- _Your goal_
Copy out the data below as written; omit any images.

- _Dataset content_
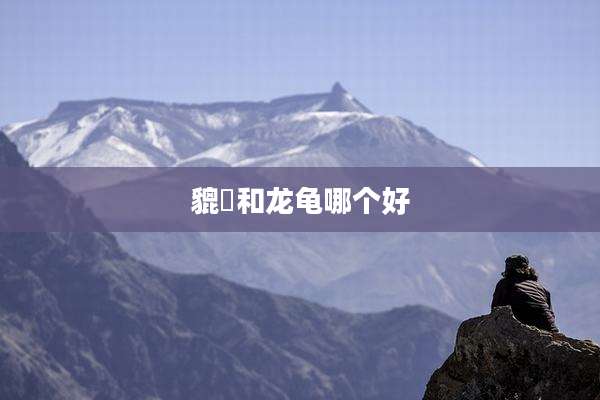 貔恘和龙龟哪个好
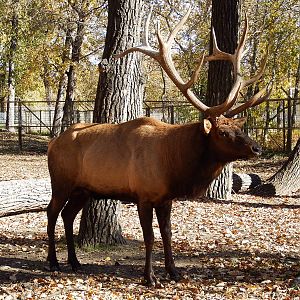 Bull Elk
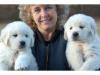 Dogs free Spain, Alicante Labrador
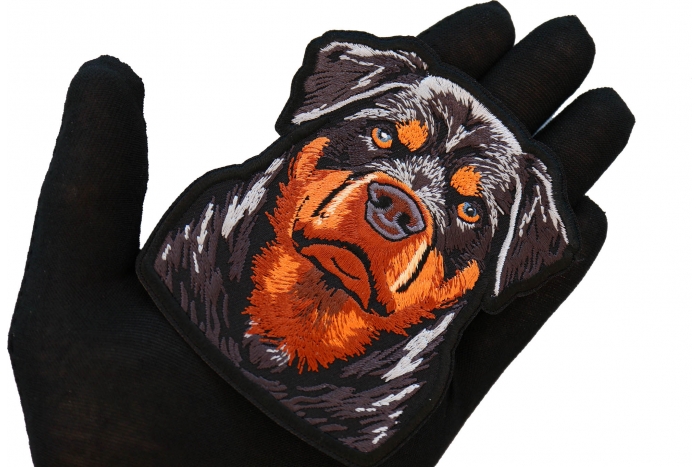 Rottweiler Stare Patch shown on hand for size comparison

- _Result for this task_
 貔恘和龙龟哪个好
 Bull Elk
 Dogs free Spain, Alicante Labrador
 Rottweiler Stare Patch shown on hand for size comparison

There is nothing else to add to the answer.